■ **Provided material**
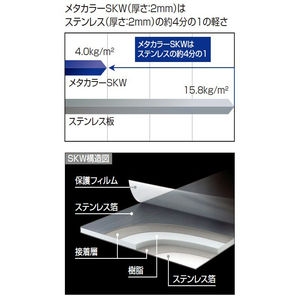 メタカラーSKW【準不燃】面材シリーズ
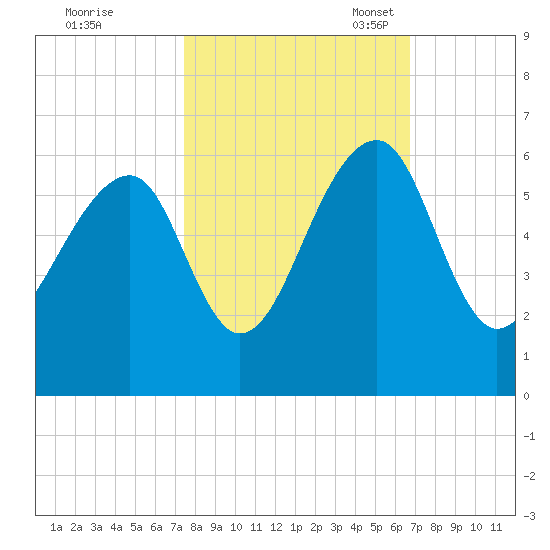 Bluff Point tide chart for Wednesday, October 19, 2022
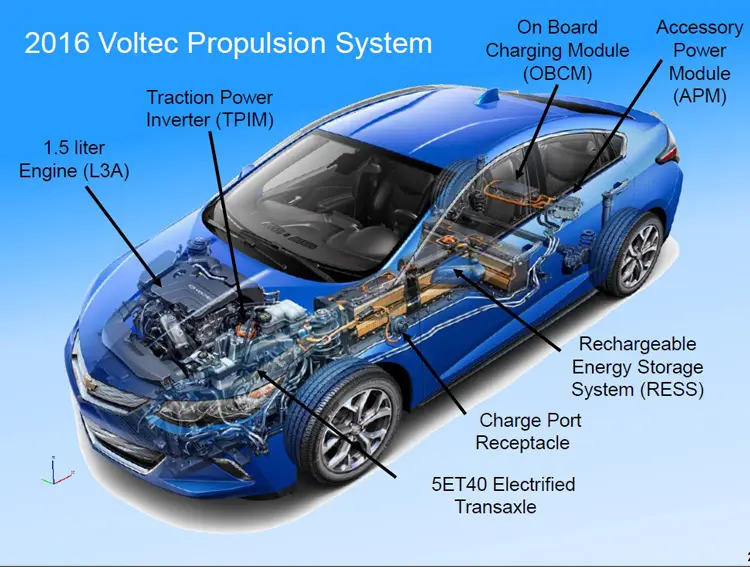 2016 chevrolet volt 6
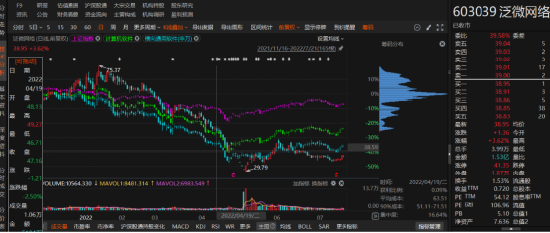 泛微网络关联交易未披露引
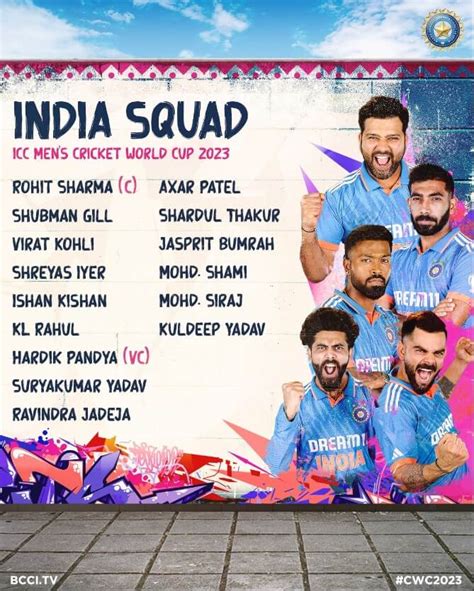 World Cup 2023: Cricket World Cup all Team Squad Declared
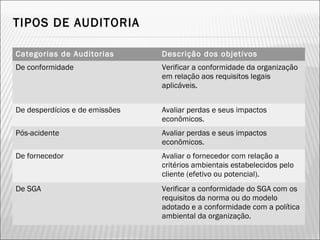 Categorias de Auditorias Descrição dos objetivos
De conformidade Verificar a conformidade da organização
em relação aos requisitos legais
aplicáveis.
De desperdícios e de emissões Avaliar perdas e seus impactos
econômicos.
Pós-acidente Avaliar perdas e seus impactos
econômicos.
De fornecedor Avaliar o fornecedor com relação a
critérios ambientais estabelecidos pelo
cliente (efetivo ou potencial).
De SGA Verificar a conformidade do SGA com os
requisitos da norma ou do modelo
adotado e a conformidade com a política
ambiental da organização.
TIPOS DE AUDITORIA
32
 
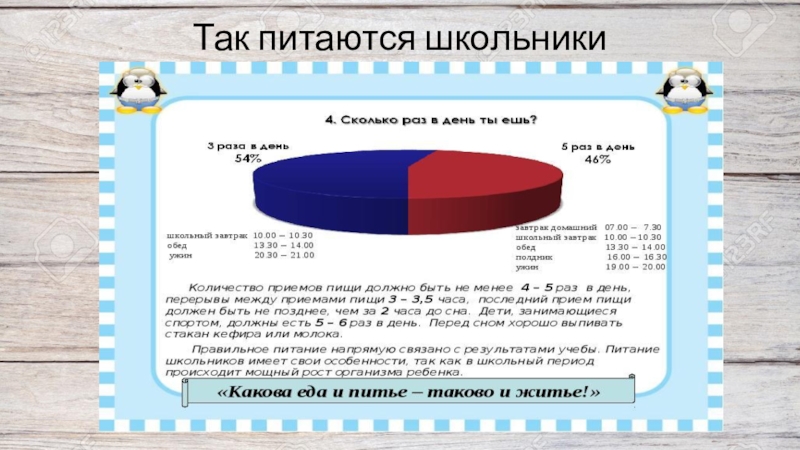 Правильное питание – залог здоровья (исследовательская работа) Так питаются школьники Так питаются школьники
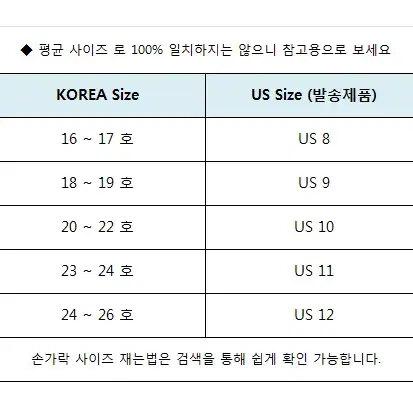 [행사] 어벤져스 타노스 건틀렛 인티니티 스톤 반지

* * *

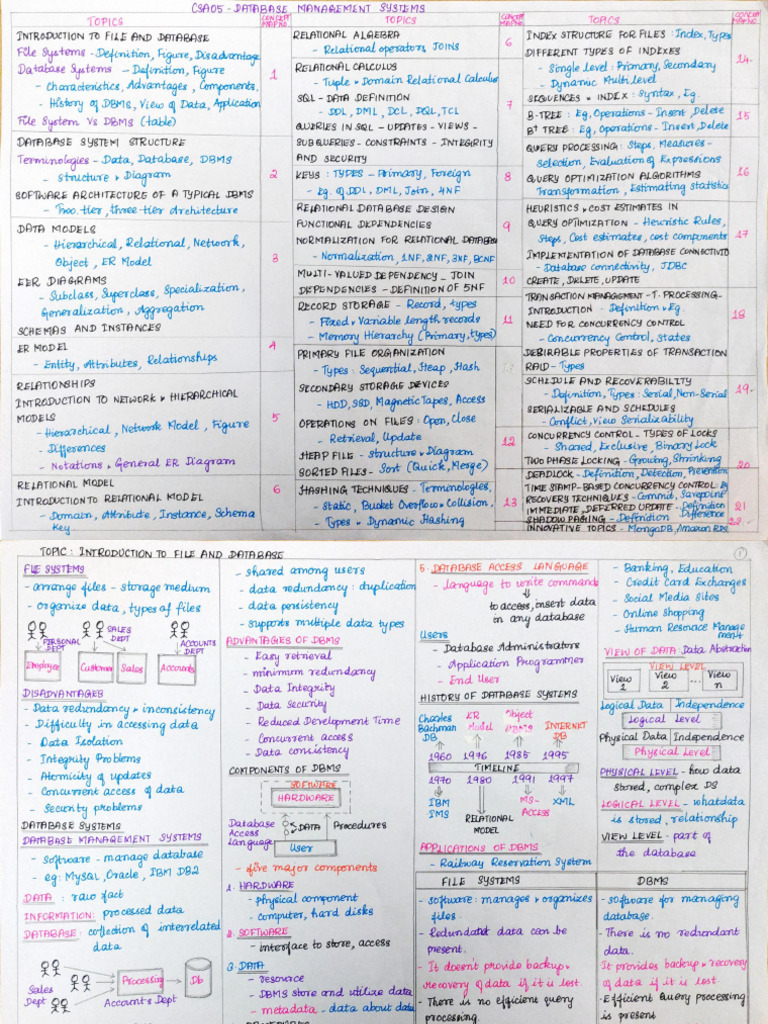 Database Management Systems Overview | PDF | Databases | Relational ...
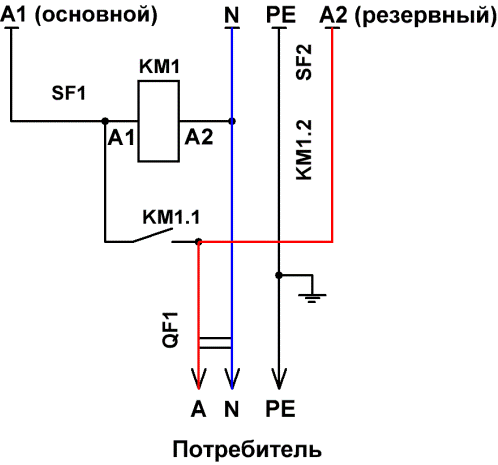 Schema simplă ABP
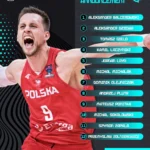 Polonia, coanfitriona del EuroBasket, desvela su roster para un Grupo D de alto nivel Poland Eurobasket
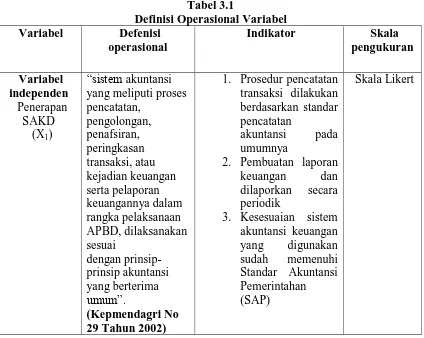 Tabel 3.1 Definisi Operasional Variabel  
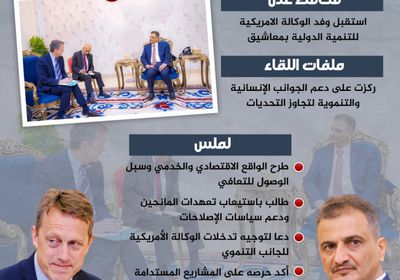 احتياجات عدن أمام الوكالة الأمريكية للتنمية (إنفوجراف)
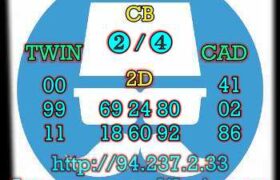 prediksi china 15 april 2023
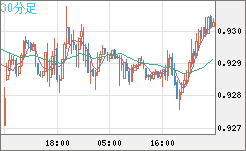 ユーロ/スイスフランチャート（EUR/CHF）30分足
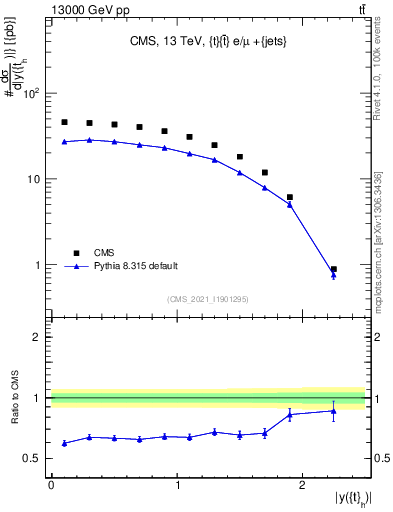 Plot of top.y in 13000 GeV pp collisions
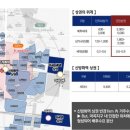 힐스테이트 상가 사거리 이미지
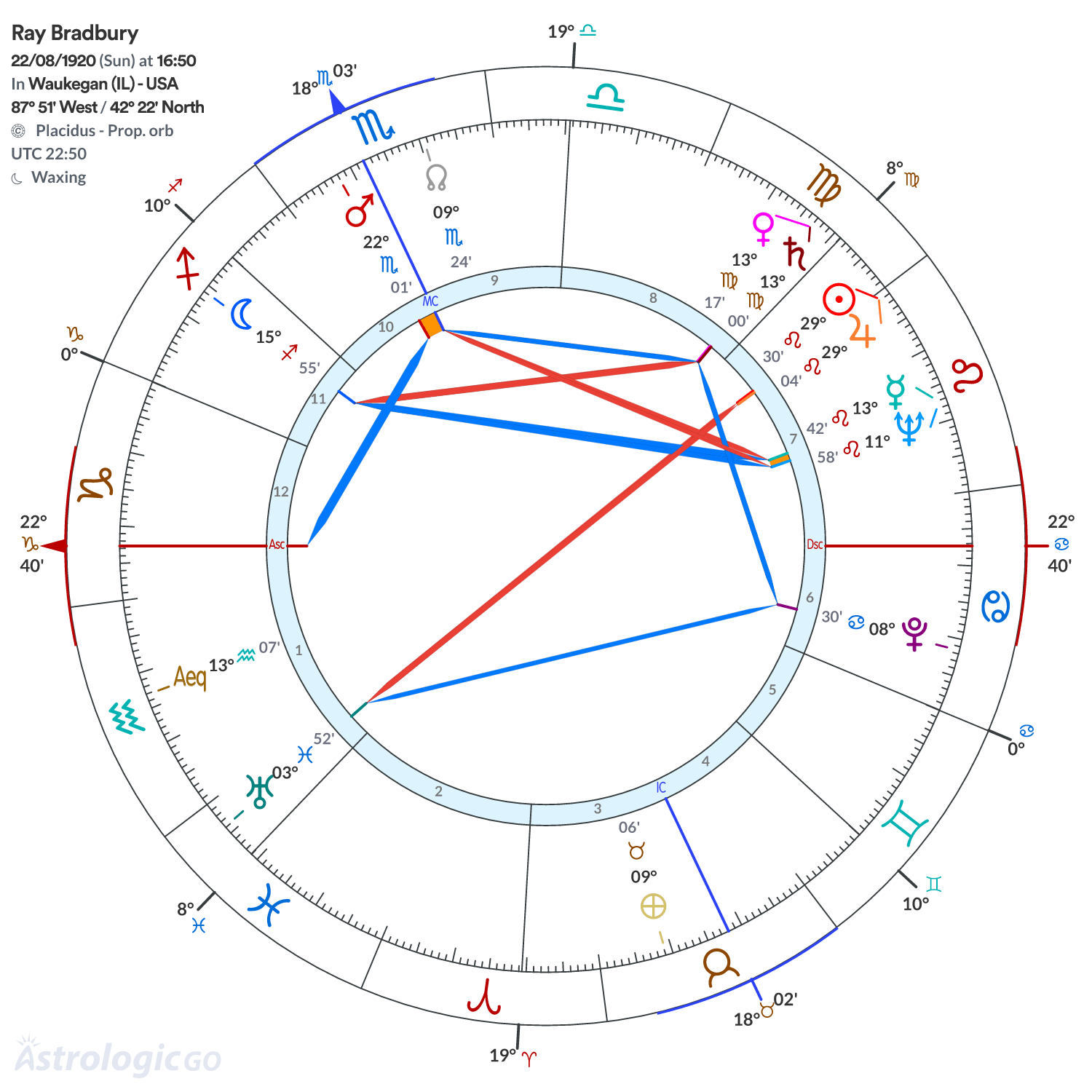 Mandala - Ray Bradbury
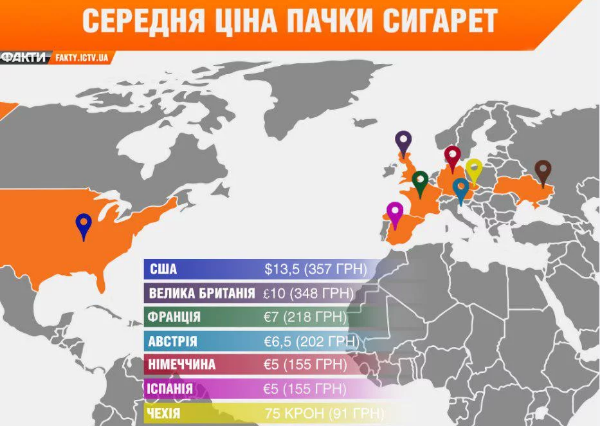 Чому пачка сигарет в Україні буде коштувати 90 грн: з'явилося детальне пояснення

■ **What you have to do**
Give back exactly the lines of the listing above from the one that contains "De SGA Verificar a conformidade do SGA com os" up to and including the one that contains "[행사] 어벤져스 타노스 건틀렛 인티니티 스톤 반지", but not the pictures, and no other lines.

■ **Result of this task**
De SGA Verificar a conformidade do SGA com os
requisitos da norma ou do modelo
adotado e a conformidade com a política
ambiental da organização.
TIPOS DE AUDITORIA
32
 
 Правильное питание – залог здоровья (исследовательская работа) Так питаются школьники Так питаются школьники
 [행사] 어벤져스 타노스 건틀렛 인티니티 스톤 반지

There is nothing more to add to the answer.